Угрюм взглянул на нижнюю часть острова. Ему показалось, что там торчит колода, которой не было вечером. Он поставил котел возле застывшей проруби, поскрипывая снегом, пошел вдоль берега. И почудилось ему, что колода шевельнулась.
Промышленный перекрестился, поправил топор за кушаком, стал двигаться тише. В пятнадцати шагах то, что он принял за колоду, явно шевельнулось. На его шаги обернулся черный дьяк Герасим и молча поманил к себе рукой.
Угрюм подошел, удивляясь, что тот сидит среди ночи или в такую рань. Может быть, и спать не ложился. Герасим указал рукой вниз по притоку на чуть видневшийся дальний коренной берег реки.
– Ничего не слышишь? – спросил шепотом.
Угрюм прислушался: ни ветра не было в тихой ночи, ни скрипа деревьев. От стужи потрескивал лед. Он пожал плечами:
– А что?
– Вроде колокола звонят к заутренней, – чуть громче сказал дьяк. – Чудное место. Я его давно приметил. Иногда в тумане или в ночи город там видится с церквями, с башнями.
– Чудится! – со сдавленным смешком прошептал Угрюм.
– Может, и чудится, – неуверенно пробормотал Герасим, снова прислушиваясь. – Может, знак, что городу здесь быть и место надо намаливать, – проговорил в голос. – По разумному рассуждению – место благое: и на Ламу путь, и в Мунгалы, и в братскую степь – все отсюда!
– Михей говорит, будто енисейский старец Тимофей двадцать пять лет намаливал и пророчил город по государеву указу, – прислушиваясь к ясной ночи, прошептал Угрюм. – Пусть не город – только острог поставили. Все равно сбылось!
– Он нас благословил идти за Енисей! – вздохнул Герасим и размашисто перекрестился.

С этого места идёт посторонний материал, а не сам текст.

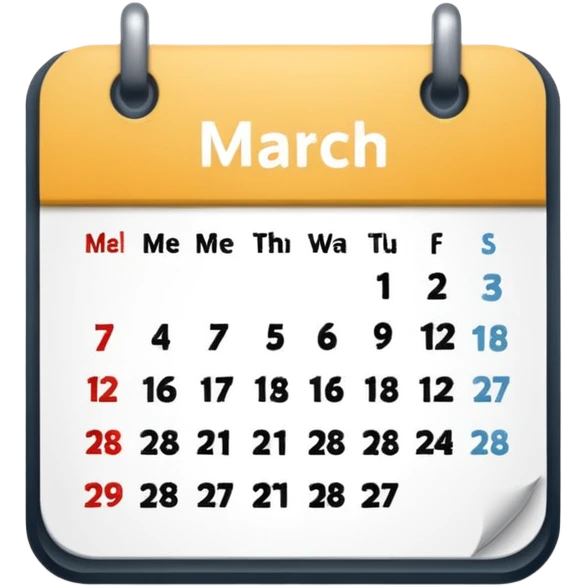 calendario del 1 de marzo emoji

В тот же день, вскоре после полудня, Угрюм дошел до первого стана. По пути он набил тетеревов из лука, вывалил их из мешка у входа, развел огонь в выстывшем очаге. К ночи прогрел балаган, закидал его снегом с трех сторон, стал печь птицу и наконец-то восчувствовал праздник.
За две недели до Евдокии-свистуньи передовщик приметил у соболя первые признаки линьки и велел забить, раскидать все настороженные клепцы. Добычу зимы промышленные делили на двоих. Пантелей разложил на две кучи всех соболей, белок и лис, предложил Угрюму взять любую. Тот метнул на передовщика плутоватый взгляд и выбрал ту, что показалась ему ценней.
Погорельцы на острове тоже не теряли время даром. Когда двое промышленных вернулись к ним, возле балагана лежали грудой тесаные бревна на новую избу. Зимовейщики с радостью встретили Угрюма и Пантелея, угостили их печеной рыбой, отваром брусничного листа. Больше ничего не было.